Et puis d’où sort cette version « raccourcie » du doyen, de 208 pages, version qui n’a pas de numéro d’ordre officiel, qui ne se trouve ni à la bibliothèque de la faculté, ni au Cnrst, ni sur la plate-forme personnelle de l’emploi de Anas el Yamlahi ? (Comment peut-on accepter une thèse de 208 pages pour un doctorat ?). En soulignant, encore une fois, que le doyen Mustapha el Ghachi ne m’avait dit aucun mot sur cette « version réduite de 208 pages » lors de nos échanges antérieures. 
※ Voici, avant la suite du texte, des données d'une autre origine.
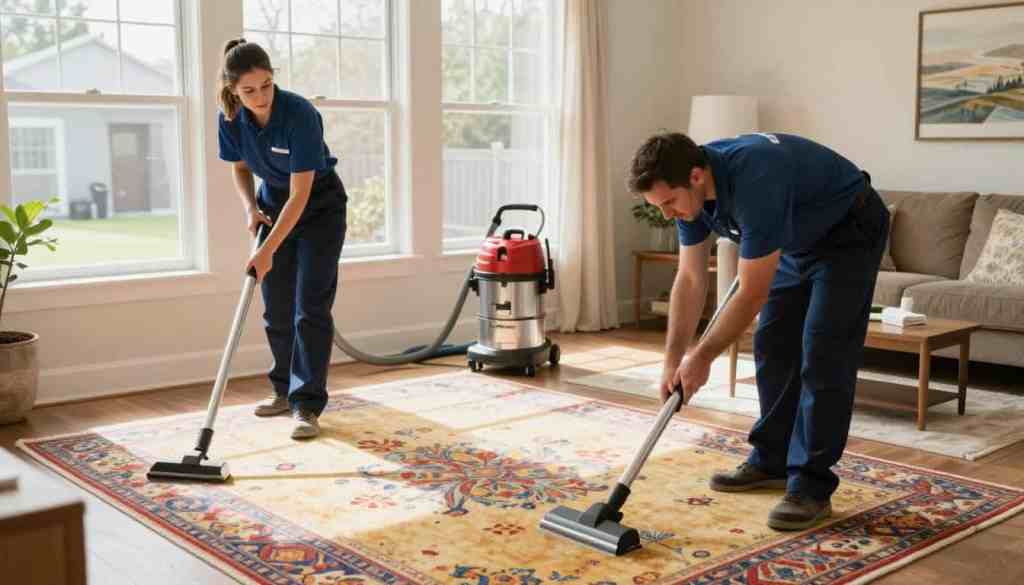A professional carpet cleaning team from "Lake Geneva Carpet Cleaning" is portrayed in a bright, airy room filled with natural light pouring in from large windows. In the foreground, two skilled carpet cleaners, one woman and one man, are diligently working on a vibrant area rug, showcasing their expertise with care and precision. Both are dressed in smart uniforms, embodying professionalism. In the middle ground, cleaning equipment like steam cleaners and towels are thoughtfully arranged, emphasizing local expertise. The background features a tasteful, cozy living space that perfectly highlights the benefits of expert cleaning. The atmosphere is warm and inviting, illustrating the trust and satisfaction clients can feel in choosing local over national chains. Shot from a slightly elevated angle to capture the entire scene.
Et puis que signifie la nouvelle démarche sursoyant à la commission d’enquête ? S’agit-il d’une procédure administrative qui aboutirait à un éventuel cheminement disciplinaire interne ? Ou tout simplement, pour une raison que j’ignore, ce dossier encombrant serait-il en train d’être fermé sur un « match nul » (qui n’en est pas un) ? Comment expliquer ce florilège de versions dont certaines très officielles, ayant le même nombre de pages et contenant la partie plagiée (celles du Cnrst et celle portant le numéro 63 à la bibliothèque de la faculté)? Comment se fait-il que cette version du doyen comportant 208 pages soit sortie ex nihilo, le doyen serait-il collectionneur de thèses ? Et que signifie une thèse de doctorat de 208 pages, le postulant serait-il un petit « génie » ? Ce qui n’est pas du tout vrai quand sa première version avait été rejetée par trois encadrants (dixit la commission d’enquête) et accusée, à l’occasion, de plagiat par un professeur encadrant, Mohamed Arahou en l’occurrence, pour une autre partie que la mienne (un vrai « serial-plagiaire ») ? 

J’espère avoir des réponses claires, et surtout des sanctions contre ce plagiat flagrant. Il en va de la réputation de notre enseignement et de l’avenir de nos futures générations qu’on ne pourrait livrer à des apprentis tricheurs.